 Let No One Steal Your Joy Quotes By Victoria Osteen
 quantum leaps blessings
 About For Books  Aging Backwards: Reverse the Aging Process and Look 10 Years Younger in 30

*AIM OF THE EXERCISE*
All of the data above needs to be written out exactly.

*ANSWER SECTION*
 Let No One Steal Your Joy Quotes By Victoria Osteen
 quantum leaps blessings
 About For Books  Aging Backwards: Reverse the Aging Process and Look 10 Years Younger in 30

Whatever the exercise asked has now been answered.